Data Models

Underlying the structure of a database is the data model: a collection of conceptual tools for describing data, data relationships, data semantics, and consistency constraints. To illustrate the concept of a data model, we outline two data models in this post: the entity-relationship model and the relational model. Both provide a way to describe the design of a database at the logical level.

The Entity-Relationship Model

The entity-relationship (E-R) data model is based on a perception of a real world that consists of a collection of basic objects, called entities, and of relationships among these objects. An entity is a “thing” or “object” in the real world that is distinguishable from other objects. For example, each person is an entity, and bank accounts can be considered as entities.

Entities are described in a database by a set of attributes. For example, the attributes account-number and balance may describe one particular account in a bank, and they form attributes of the account entity set. Similarly, attributes customer-name, customer- street address and customer-city may describe a customer entity.

An extra attribute customer-id is used to uniquely identify customers (since it may be possible to have two customers with the same name, street address, and city).

A unique customer identifier must be assigned to each customer. In the United States, many enterprises use the social-security number of a person (a unique number the U.S. government assigns to every person in the United States) as a customer identifier.

A relationship is an association among several entities. For example, a depositor relationship associates a customer with each account that she has. The set of all entities of the same type and the set of all relationships of the same type are termed an entity set and relationship set, respectively.

The overall logical structure (schema) of a database can be expressed graphically by an E-R diagram.

Relational Model

The relational model uses a collection of tables to represent both data and the relationships among those data. Each table has multiple columns, and each column has a unique name.

The data is arranged in a relation which is visually represented in a two dimensional table. The data is inserted into the table in the form of tuples (which are nothing but rows). A tuple is formed by one or more than one attributes, which are used as basic building blocks in the formation of various expressions that are used to derive a meaningful information. There can be any number of tuples in the table, but all the tuple contain fixed and same attributes with varying values. The relational model is implemented in database where a relation is represented by a table, a tuple is represented by a row, an attribute is represented by a column of the table, attribute name is the name of the column such as ‘identifier’, ‘name’, ‘city’ etc., attribute value contains the value for column in the row. Constraints are applied to the table and form the logical schema. In order to facilitate the selection of a particular row/tuple from the table, the attributes i.e. column names are used, and to expedite the selection of the rows some fields are defined uniquely to use them as indexes, this helps in searching the required data as fast as possible. All the relational algebra operations, such as Select, Intersection, Product, Union, Difference, Project, Join, Division, Merge etc. can also be performed on the Relational Database Model. Operations on the Relational Database Model are facilitated with the help of different conditional expressions, various key attributes, pre-defined constraints etc.

Other Data Models

The object-oriented data model is another data model that has seen increasing attention. The object-oriented model can be seen as extending the E-R model with notions object-oriented data model.

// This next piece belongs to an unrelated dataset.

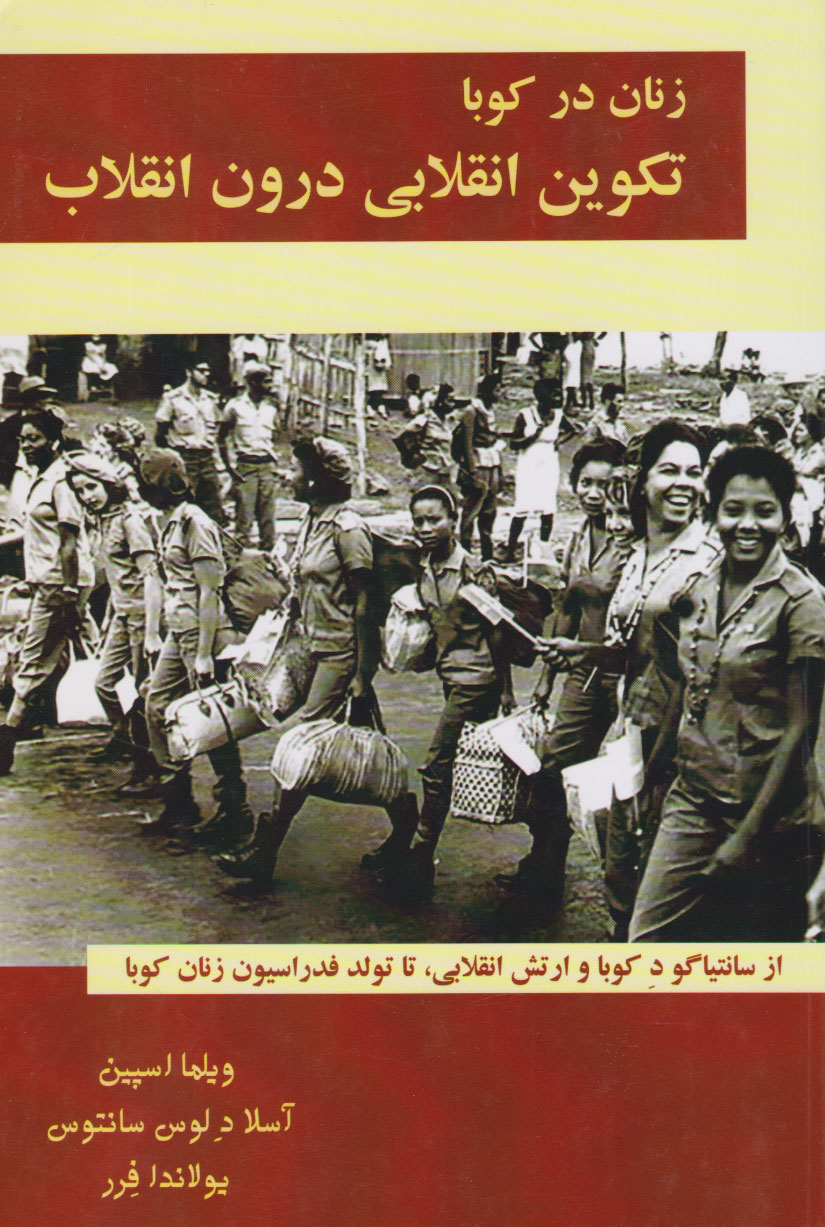 پایانه - تکوین انقلابی درون انقلاب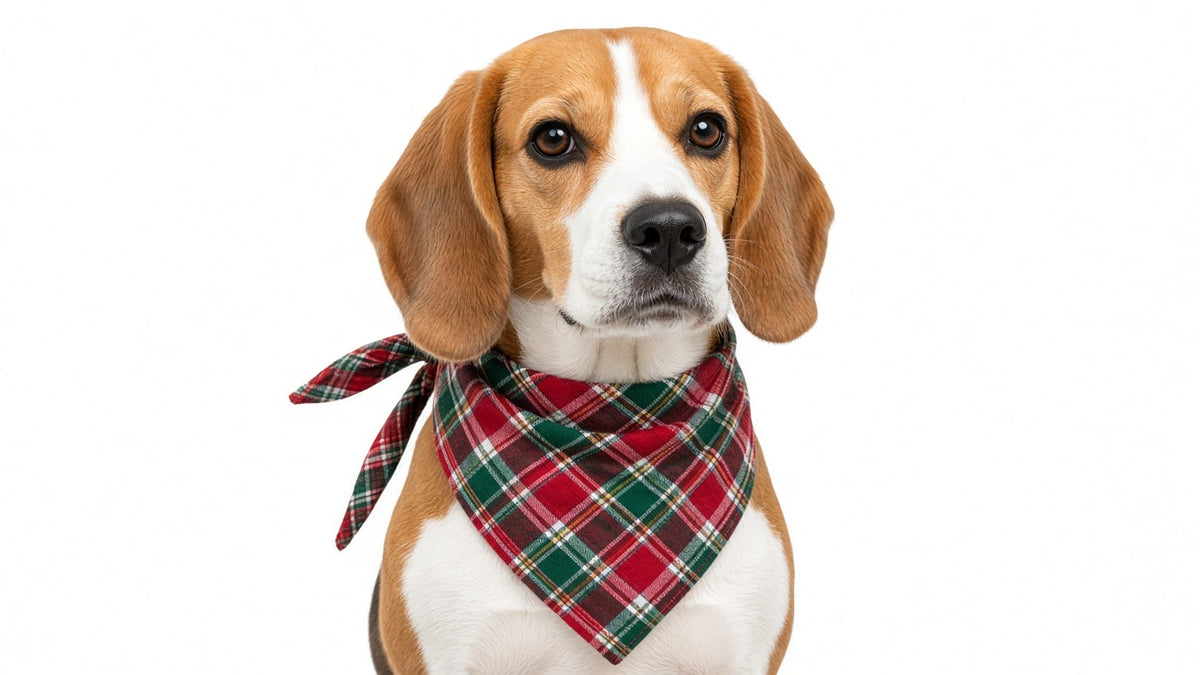 Red and green plaid My First Christmas dog bandana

The object-relational data model combines features of the object-oriented data model and relational data model. Semistructured data models permit the specification of data where individual data items of the same type may have different sets of attributes. This is in contrast with the data models mentioned earlier, where every data item of a particular type must have the same set of attributes. The extensible markup language (XML) is widely used to represent semistructured data.

Historically, two other data models, the network data model and the hierarchical data model, preceded the relational data model. These models were tied closely to the underlying implementation, and complicated the task of modeling data. As a result they are little used now, except in old database code that is still in service in some places. They are outlined in Appendices A and B, for interested readers.